Your objective – Output the listing word for word, minus images.

Information shown –
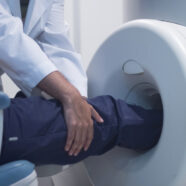 Slimme MRI-scan kan bijdragen aan nieuwe artrose-behandelingen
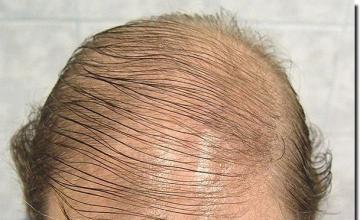 Hair restoration procedure results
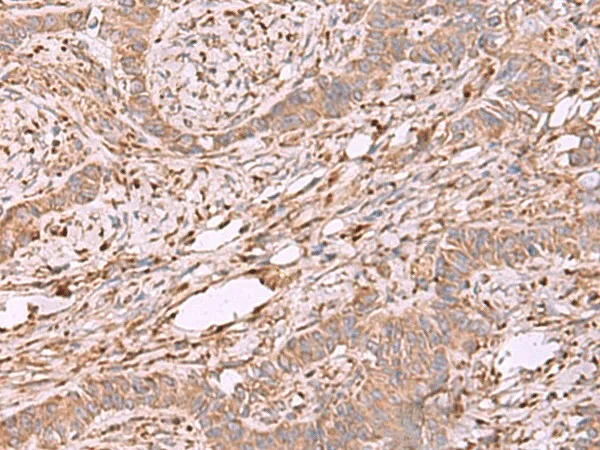EEF1D Polyclonal Antibody - image 1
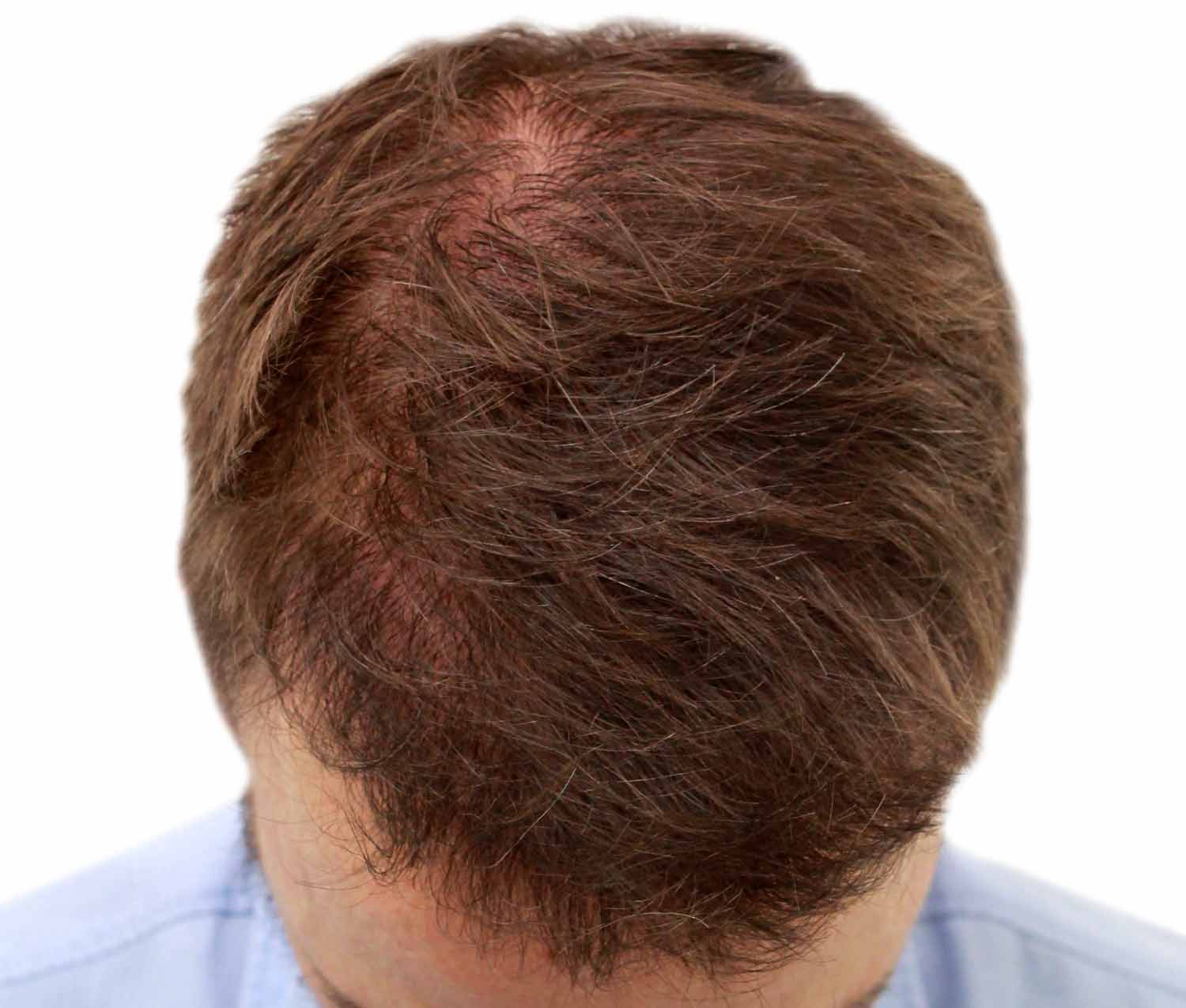 After hair restoration | Real patient, results may vary per individual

Solution –
 Slimme MRI-scan kan bijdragen aan nieuwe artrose-behandelingen
 Hair restoration procedure results
EEF1D Polyclonal Antibody - image 1
 After hair restoration | Real patient, results may vary per individual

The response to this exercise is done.